Nancy Thomason’s son, Cade, was not 2 years old when he died from brain cancer, she said. Thomason’s health insurer refused to pay for costs related to his participation in clinical trials that Thomason thinks could have helped her son. Last year, Thomason worked with state Sen. Andrew Rice, D-Oklahoma City, to pass a bill known as Stephanie’s Law, named for a young woman who has since died from brain cancer and who was likewise denied coverage for costs related to participation in clinical trials.
“People are dying, and they (insurance company executives) are only thinking about the bottom line,” said Thomason. A conflict of interest exists when lawmakers who work in the insurance industry serve as chairman and voting members of the committees where legislation involving the insurance industry is heard, she said.
Jeff Raymond of OKWatchdog has been to the Capitol arguing against the provisions of House Bill 1603, the comprehensive measure designed to revise Oklahoma’s laws regarding personal injury, or torts. The changes proposed would protect corporations and physicians from certain liability lawsuits, and would make it more difficult to file and pursue such a lawsuit.
“We’re not going away,” said Raymond. “We want to keep the people’s attention on it.”
Legislation successfully working its way through the process would make it very difficult to pass any additional mandates on insurance companies, requiring a two-year process and a list of actuarial studies. Other legislation would allow insurance companies to offer a bare-bones health care policy, stripped of all mandates and all but the most basic coverage for emergency care.
The three were joined at the press conference by state Rep. Eric Proctor, D-Tulsa, and state Sen. Kenneth Corn, D-Poteau. When insurance companies decide which treatments and procedures to cover and which to deny, the effect is that the company decides which treatments the patient – who rarely can afford to pay for treatment out of pocket – will receive.
“Those decisions should be made by a physician, not by some bean-counter in a basement somewhere,” said Corn. Corn has legislation pending that would make it unlawful for an insurance company to offer bonuses to employees who deny the most claims or who cancel the policies of those who have filed claims, as a California insurance company is accused of doing.
Other states have had success in setting standards for insurance companies, said Corn, and Oklahoma could follow their example. If federal legislation to allow insurance policies to be “portable” from state to state is successful, the question would become moot.
But until then, there is the possibility that insurance companies could choose to take their business to other states if Oklahoma’s laws become too restrictive for them.

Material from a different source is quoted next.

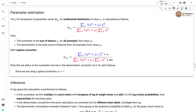With Laplace correction, we add alpha to the numerator and m times alpha to the denominator. Alpha is the correction added for each feature, which is why we have m times alpha in the denominator. Since we are using Laplace correction, we set alpha to 1.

“There is no law that says you have to stay here and write coverage,” said Mike Seney, senior vice president of operations for The State Chamber. “And the insurance industry isn’t like every other industry. We, as consumers, need their products, their services. I want my insurance company to do well, so that when I’m in a car wreck, or when a fire comes and wipes out my home, they’ll be able to cover it.”
A groundswell of resentment against insurance companies tends to accompany any efforts toward passing legislation to revise tort laws, which would reduce the amount of money trial lawyers may earn, Seney said.

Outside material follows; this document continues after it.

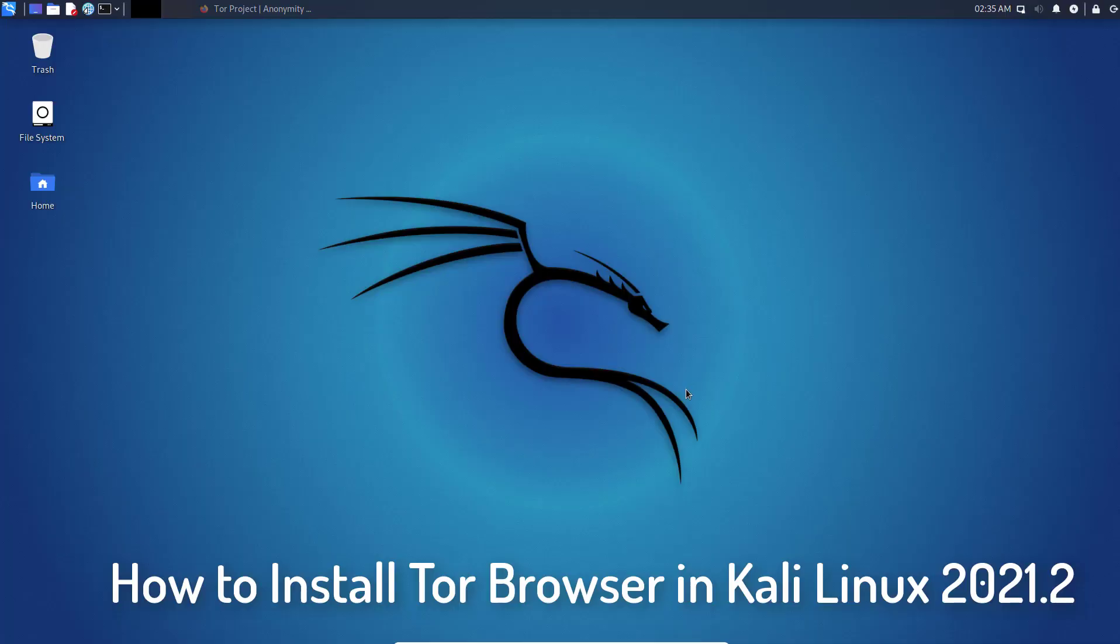Hi guys. This video will show you how to install the Tor Browser in Kali Linux step by step without any error.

“Those who oppose tort reform need to find somebody to wear the black hat, and they look to insurance companies,” he said. Regarding the claims of conflict of interest, Seney said lawmakers are elected because of the experiences they bring to the process, whether that experience be regarding the insurance industry or any other profession.
“It would be self-defeating for the state to elect these people and not listen to their experiences,” said Seney. On the other hand, legislators who make their living as trial lawyers have not recused themselves from voting on bills dealing with tort laws or with how much money they can make, he said.